ACTION ITEM ▸ With the pictures omitted, repeat exactly the lines below starting with the line that has "Young woman texting" and going on through the line that has "Image showing Young".

Records from a dataset
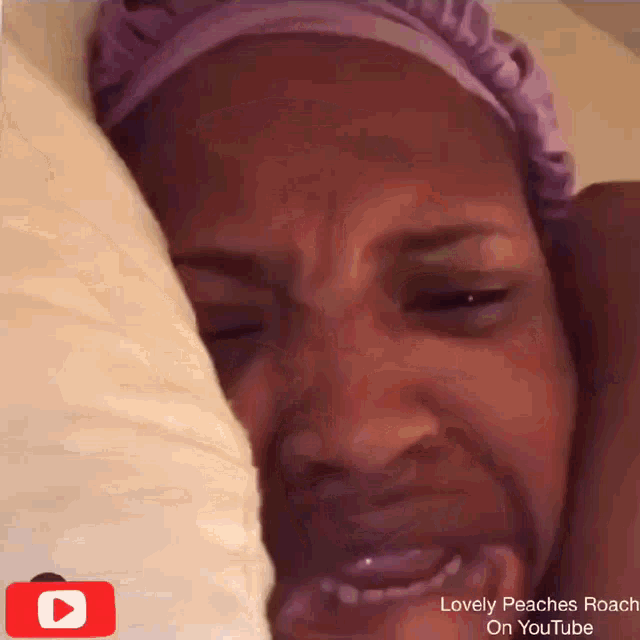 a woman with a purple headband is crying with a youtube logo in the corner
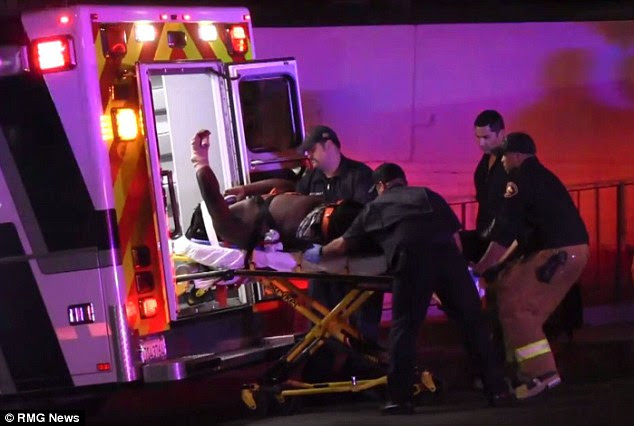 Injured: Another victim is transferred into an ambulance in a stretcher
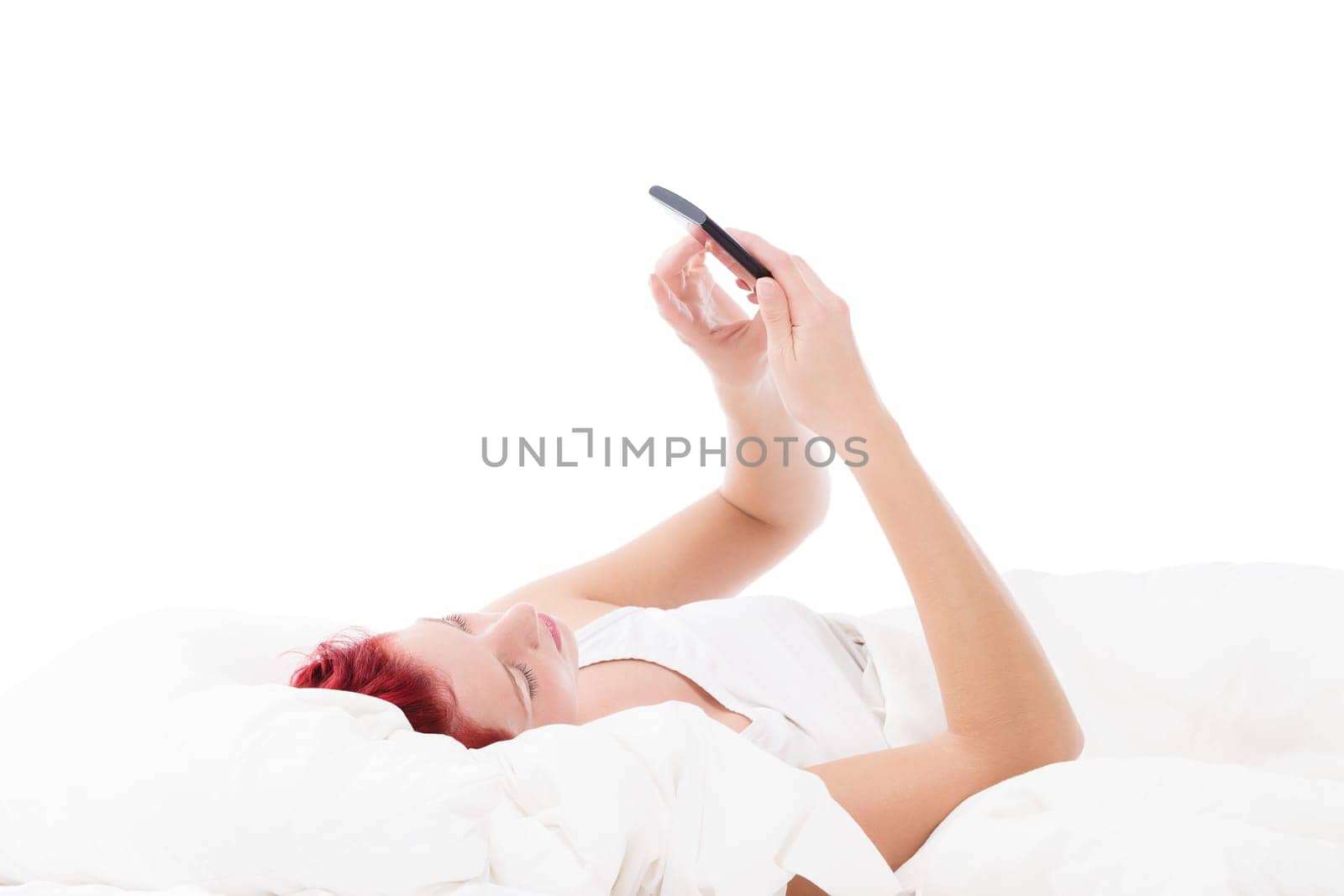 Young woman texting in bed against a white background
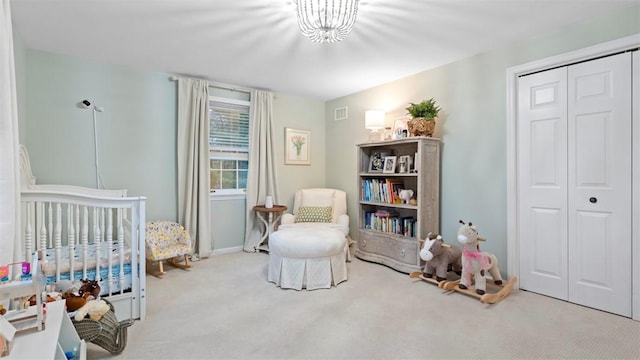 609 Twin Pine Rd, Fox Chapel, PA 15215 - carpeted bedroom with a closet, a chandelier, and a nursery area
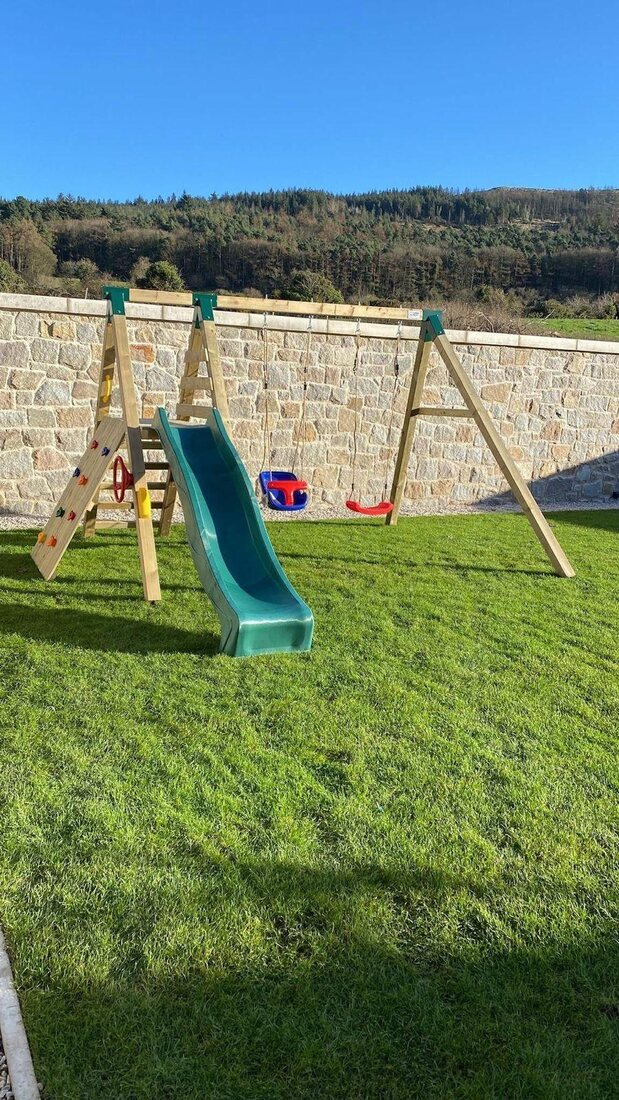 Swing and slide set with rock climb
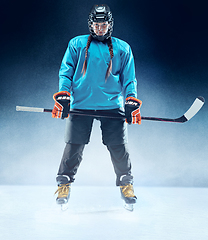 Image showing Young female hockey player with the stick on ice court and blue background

==

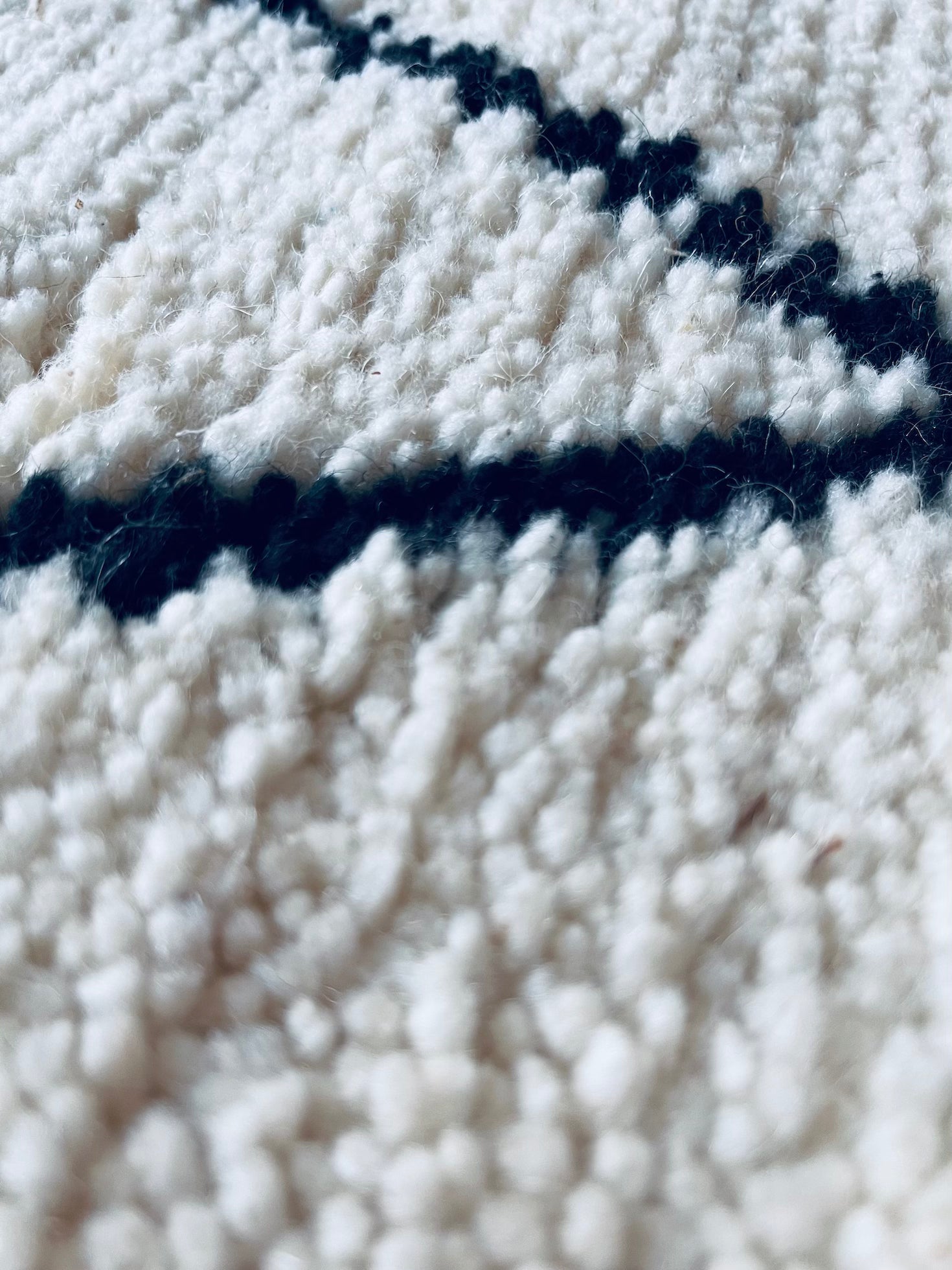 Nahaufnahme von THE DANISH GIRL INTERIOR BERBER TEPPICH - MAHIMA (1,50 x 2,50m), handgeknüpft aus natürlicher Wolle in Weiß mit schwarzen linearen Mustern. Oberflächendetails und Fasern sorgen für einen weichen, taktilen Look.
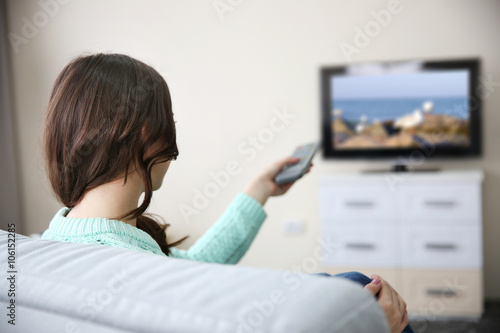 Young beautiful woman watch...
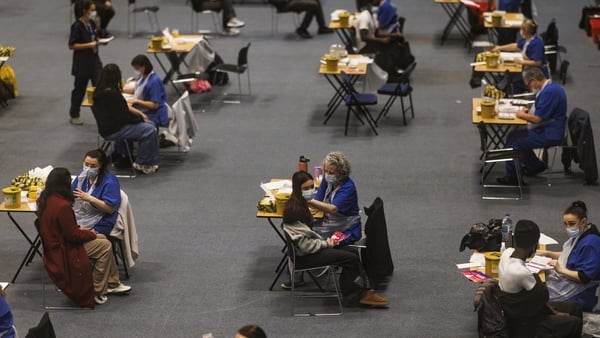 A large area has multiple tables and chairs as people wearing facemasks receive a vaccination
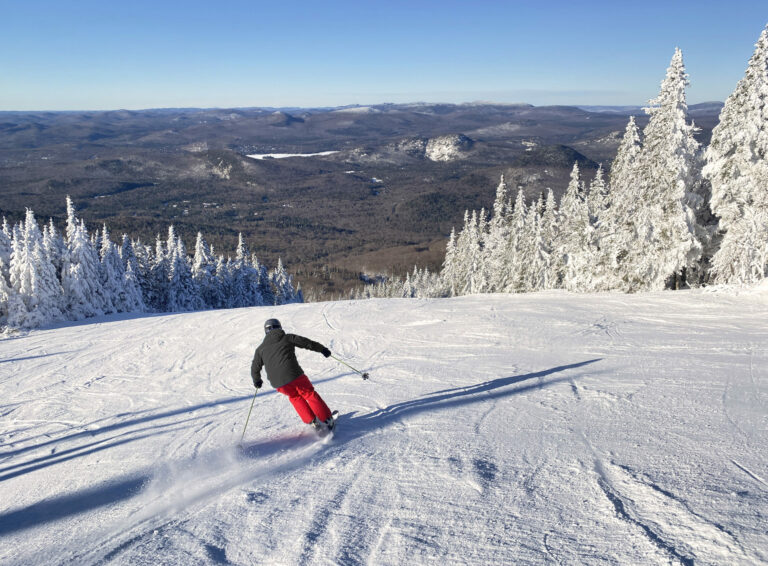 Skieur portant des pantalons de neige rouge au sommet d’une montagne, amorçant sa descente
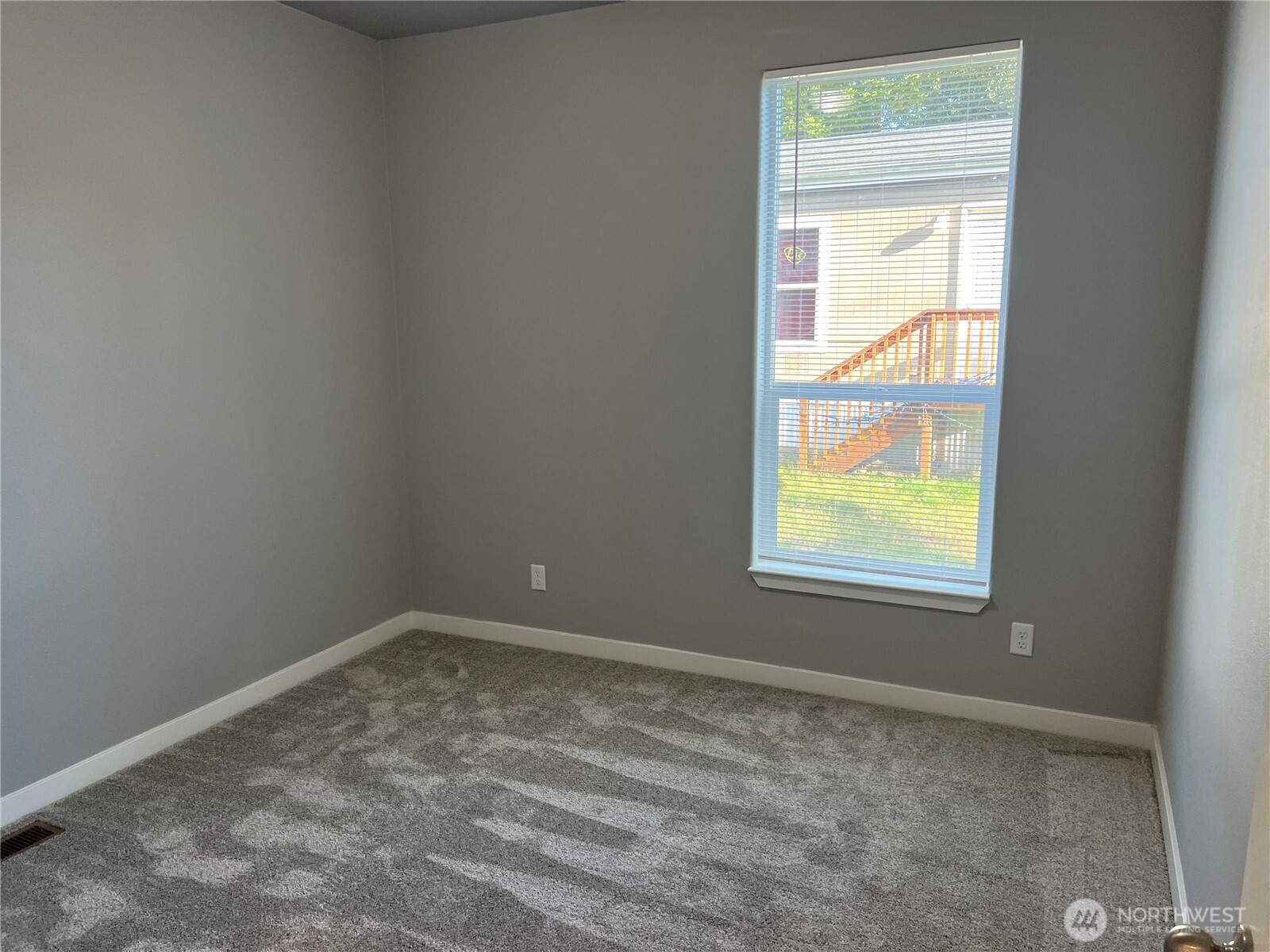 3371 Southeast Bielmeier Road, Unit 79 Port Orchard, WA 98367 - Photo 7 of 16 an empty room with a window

OUTPUT BELOW ▸
 Young woman texting in bed against a white background
 609 Twin Pine Rd, Fox Chapel, PA 15215 - carpeted bedroom with a closet, a chandelier, and a nursery area
 Swing and slide set with rock climb
 Image showing Young female hockey player with the stick on ice court and blue background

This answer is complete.